Duas das vítimas da chacina eram de uma das famílias. Desta vez, os autores do crime não pertenciam ao clã inimigo. De acordo com o que apurou a polícia, os executores faziam parte de uma nova quadrilha que surgia pelas ruas íngremes, estreitas e não pavimentadas da região mais carente do bairro. Eram os Bala na Cara, grupo que contaria com a colaboração até mesmo de policiais militares presos na última segunda-feira (11).

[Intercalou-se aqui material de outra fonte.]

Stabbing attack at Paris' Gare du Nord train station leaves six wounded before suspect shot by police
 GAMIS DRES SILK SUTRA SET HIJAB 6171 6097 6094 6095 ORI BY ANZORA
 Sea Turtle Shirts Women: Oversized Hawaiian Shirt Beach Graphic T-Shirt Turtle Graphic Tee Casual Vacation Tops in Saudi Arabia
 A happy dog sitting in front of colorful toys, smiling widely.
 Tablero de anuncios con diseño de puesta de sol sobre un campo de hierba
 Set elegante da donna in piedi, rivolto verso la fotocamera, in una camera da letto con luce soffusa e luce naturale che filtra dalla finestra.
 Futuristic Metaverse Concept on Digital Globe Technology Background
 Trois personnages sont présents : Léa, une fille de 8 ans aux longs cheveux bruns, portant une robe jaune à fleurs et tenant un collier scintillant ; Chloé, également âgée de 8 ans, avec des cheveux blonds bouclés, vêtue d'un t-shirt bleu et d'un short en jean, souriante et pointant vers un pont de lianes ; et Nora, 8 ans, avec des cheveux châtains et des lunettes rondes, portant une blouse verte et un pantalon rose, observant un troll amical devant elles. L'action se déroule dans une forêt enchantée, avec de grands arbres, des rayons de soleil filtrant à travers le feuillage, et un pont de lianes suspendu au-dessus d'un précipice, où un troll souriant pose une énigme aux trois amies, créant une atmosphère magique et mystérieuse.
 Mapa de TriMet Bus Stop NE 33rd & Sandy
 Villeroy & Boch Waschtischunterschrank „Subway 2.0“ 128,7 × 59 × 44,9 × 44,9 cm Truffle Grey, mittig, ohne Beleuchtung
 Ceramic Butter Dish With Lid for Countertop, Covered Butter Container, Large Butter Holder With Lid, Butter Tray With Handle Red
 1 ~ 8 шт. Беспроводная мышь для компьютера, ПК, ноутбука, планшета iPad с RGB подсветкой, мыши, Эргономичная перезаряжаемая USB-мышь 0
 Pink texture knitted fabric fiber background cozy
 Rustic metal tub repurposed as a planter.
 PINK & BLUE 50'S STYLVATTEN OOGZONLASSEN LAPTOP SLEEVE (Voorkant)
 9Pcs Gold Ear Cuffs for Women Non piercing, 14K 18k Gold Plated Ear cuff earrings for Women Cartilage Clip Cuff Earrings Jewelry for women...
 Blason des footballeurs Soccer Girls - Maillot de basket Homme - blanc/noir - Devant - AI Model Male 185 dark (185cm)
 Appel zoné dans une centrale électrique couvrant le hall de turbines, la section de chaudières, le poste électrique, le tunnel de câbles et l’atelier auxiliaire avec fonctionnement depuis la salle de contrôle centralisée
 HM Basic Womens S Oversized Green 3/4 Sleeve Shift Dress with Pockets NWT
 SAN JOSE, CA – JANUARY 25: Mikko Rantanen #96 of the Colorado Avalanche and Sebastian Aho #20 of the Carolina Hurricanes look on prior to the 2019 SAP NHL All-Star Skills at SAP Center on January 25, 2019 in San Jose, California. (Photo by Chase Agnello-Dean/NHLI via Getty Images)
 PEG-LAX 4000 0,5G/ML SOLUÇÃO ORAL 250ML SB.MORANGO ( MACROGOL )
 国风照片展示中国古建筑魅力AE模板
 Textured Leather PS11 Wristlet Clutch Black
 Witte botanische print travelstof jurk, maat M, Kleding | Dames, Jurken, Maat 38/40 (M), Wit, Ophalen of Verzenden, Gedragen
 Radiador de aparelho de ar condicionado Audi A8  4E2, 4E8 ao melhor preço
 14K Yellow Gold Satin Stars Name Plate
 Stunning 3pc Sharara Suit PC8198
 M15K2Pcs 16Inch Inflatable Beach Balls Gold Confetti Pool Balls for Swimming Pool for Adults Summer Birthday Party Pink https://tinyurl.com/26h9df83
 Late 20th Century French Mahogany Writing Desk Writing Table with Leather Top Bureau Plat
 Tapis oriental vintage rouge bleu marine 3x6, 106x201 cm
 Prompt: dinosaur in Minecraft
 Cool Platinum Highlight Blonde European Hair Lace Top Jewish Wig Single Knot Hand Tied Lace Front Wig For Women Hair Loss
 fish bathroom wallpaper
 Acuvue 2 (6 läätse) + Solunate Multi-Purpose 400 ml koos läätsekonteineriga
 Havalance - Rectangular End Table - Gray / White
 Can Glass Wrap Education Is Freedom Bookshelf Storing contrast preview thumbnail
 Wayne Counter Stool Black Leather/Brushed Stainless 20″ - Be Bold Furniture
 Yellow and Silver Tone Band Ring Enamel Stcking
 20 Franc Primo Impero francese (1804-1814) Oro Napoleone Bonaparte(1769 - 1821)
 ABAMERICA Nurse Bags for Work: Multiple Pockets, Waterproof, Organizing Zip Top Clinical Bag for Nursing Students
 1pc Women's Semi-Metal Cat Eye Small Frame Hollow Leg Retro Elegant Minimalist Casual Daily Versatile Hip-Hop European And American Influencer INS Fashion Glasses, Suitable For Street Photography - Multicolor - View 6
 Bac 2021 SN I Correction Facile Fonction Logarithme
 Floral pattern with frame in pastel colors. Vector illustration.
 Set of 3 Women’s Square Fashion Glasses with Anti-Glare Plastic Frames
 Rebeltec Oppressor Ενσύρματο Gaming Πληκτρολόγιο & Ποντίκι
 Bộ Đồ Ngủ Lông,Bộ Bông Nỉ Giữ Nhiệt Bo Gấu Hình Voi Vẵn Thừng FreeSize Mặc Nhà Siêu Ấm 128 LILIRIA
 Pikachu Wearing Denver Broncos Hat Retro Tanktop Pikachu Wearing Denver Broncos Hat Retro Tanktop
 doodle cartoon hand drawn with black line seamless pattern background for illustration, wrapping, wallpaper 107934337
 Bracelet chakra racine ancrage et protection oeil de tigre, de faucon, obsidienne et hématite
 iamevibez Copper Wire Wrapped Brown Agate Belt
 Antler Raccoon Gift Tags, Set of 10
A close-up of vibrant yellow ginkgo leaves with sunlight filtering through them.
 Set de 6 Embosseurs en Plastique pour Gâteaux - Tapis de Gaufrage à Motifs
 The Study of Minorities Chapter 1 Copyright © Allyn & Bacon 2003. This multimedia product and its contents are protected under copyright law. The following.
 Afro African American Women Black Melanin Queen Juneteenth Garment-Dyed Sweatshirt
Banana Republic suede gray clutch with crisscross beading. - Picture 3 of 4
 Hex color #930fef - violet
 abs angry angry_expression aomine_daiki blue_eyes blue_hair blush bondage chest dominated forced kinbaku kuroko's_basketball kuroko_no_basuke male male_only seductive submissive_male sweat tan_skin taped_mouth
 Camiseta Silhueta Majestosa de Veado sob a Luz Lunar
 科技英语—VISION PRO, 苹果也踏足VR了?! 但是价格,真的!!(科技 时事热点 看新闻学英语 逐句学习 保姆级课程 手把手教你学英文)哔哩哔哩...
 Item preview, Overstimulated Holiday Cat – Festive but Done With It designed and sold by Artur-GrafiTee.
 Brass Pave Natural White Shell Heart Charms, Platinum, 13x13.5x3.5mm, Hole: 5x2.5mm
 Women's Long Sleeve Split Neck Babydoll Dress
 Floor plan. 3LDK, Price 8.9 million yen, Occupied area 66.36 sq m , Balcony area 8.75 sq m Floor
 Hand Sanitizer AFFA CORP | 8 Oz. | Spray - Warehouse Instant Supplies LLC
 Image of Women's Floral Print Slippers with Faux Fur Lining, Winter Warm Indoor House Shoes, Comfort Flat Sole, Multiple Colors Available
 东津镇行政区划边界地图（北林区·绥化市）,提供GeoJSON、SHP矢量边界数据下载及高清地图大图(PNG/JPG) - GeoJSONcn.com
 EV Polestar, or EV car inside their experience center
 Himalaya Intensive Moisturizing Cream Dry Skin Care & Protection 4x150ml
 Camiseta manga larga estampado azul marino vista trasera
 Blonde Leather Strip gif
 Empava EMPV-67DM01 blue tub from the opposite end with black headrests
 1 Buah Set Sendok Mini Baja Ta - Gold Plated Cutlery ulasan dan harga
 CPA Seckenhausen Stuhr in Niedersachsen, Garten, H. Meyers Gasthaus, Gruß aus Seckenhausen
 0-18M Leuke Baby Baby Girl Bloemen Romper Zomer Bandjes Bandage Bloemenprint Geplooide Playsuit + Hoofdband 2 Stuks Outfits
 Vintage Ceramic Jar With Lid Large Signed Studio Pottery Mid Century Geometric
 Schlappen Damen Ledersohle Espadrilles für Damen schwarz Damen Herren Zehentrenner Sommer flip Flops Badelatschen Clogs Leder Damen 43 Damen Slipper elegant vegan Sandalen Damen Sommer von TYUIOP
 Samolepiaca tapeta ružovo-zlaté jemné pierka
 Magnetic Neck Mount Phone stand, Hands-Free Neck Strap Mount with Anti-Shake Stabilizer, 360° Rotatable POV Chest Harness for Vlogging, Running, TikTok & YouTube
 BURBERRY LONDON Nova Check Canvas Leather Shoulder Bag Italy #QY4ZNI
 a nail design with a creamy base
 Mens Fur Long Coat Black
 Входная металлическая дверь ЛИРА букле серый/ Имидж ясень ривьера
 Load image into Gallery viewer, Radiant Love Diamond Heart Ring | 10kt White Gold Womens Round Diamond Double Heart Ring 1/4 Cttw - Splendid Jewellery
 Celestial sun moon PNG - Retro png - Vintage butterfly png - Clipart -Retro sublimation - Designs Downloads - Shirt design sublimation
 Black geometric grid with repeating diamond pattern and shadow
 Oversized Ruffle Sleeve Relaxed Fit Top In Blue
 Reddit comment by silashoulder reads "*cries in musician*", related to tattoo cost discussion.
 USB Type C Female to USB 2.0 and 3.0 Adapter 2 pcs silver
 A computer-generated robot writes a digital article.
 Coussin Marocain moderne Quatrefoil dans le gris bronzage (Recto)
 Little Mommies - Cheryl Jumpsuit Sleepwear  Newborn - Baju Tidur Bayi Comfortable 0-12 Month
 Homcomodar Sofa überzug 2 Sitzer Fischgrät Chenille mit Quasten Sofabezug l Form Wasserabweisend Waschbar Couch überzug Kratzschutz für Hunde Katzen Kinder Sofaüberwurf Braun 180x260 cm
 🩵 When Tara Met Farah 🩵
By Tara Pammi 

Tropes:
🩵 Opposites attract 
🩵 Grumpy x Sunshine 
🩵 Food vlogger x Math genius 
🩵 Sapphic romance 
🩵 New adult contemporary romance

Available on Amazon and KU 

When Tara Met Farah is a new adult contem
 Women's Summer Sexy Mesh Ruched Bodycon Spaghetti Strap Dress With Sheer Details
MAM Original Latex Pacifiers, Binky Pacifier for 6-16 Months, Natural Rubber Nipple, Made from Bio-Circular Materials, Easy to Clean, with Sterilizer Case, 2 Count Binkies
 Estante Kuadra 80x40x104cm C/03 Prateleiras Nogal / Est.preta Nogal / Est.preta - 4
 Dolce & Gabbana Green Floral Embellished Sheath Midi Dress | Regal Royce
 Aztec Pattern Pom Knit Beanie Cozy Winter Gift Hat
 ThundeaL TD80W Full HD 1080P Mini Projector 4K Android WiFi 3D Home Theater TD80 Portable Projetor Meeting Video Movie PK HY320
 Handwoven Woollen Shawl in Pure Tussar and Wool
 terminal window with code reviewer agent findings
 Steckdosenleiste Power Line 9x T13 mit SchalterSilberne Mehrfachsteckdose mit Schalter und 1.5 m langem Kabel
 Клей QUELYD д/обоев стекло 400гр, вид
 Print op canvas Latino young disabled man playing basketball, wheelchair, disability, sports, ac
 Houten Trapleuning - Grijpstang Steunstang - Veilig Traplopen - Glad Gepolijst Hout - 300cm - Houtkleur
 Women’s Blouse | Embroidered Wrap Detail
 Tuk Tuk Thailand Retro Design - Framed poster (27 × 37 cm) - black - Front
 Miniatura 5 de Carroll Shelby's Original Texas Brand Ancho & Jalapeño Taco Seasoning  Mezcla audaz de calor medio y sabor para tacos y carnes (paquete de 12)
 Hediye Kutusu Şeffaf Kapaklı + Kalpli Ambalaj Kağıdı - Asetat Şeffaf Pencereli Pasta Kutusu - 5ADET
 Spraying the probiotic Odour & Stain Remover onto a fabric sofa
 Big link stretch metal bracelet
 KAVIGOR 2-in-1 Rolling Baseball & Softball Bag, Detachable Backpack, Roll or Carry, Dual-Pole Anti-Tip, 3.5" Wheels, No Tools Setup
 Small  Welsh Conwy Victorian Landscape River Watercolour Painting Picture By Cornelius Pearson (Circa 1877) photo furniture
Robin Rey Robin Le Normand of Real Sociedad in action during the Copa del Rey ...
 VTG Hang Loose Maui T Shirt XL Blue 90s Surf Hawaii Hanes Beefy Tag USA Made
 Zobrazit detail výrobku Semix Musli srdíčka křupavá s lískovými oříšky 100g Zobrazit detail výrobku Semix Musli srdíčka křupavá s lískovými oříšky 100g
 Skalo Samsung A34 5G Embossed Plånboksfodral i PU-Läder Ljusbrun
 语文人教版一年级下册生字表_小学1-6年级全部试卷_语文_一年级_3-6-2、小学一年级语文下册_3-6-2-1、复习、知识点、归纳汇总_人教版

O nome foi inspirado em uma das características do grupo: costumava matar suas vítimas com disparos no rosto, os chamados "tiros de esculacho", com o intuito de desfigurar a face e provocar velório com caixão fechado. Embora já disputasse a hegemonia do tráfico no Bom Jesus, a quadrilha inicialmente se voltou para assaltos a bancos e joalherias. O objetivo era se capitalizar para a compra de armas e drogas.
Desde o início, o grupo ficou marcado pela extrema violência com que agia. Por conta disso, dois anos após sua criação, virou braço armado de uma facção mais antiga e organizada, envolvida com tráfico, assaltos a bancos e carros-fortes. Quando esse grupo organizado planejava mortes, recorria, por meio de pagamento, à quadrilha surgida no Bom Jesus.
O enfraquecimento da facção mais antiga, que viveu período de instabilidade quando o seu principal líder foi transferido para uma prisão federal, em 2011, motivou o grupo da Bom Jesus a assumir características de facção — a primeira a ser criada nas ruas, pois, até então, todas haviam surgido no sistema penitenciário.
A expansão se deu de duas formas: por esquema semelhante ao de franquias e pela tomada de territórios na base da violência. Com essas duas maneiras de agir, em poucos anos, o crescimento atingiu diferentes regiões da Capital e praticamente todas as cidades da Região Metropolitana, e o grupo tornou-se, numericamente, o maior entre os ligados ao tráfico de drogas no Estado.
Pelo esquema de franquias, o grupo cooptava donos de bocas de fumo oferecendo-lhe soldados e armas para manterem seus territórios. Em troca, exigia a fidelidade na compra da droga fornecida pela facção e parte do lucro das vendas no varejo. Ese método fez Luís Fernando da Silva Soares Júnior, o Júnior Perneta ou Museo, apontado como o principal líder da facção da Bom Jesus, crescer no meio do crime. No início de maio deste ano, foi preso no Paraguai, onde, de acordo com a Delegacia de Capturas do Departamento Estadual de Investigações Criminais (Deic), além de manter o comando da organização criminosa, estaria envolvido com a plantação de maconha, e o abastecimento, em nível de atacado, de boa parte da região sul do Brasil e ainda da Argentina.
O método de expansão baseado na "tomada de bocas" provocou a criação de aliança entre quadrilhas rivais. Como um contraveneno, grupos menores firmaram um pacto de não agressão entre si e de ataques ao grupo da Bom Jesus. As disputas fizeram com que no ano de 2016 os homicídios atingissem os índices mais elevados da história na Região Metropolitana, com muitas mortes praticadas com requintes de crueldade, envolvendo decapitações, esquartejamentos e pessoas queimadas vivas.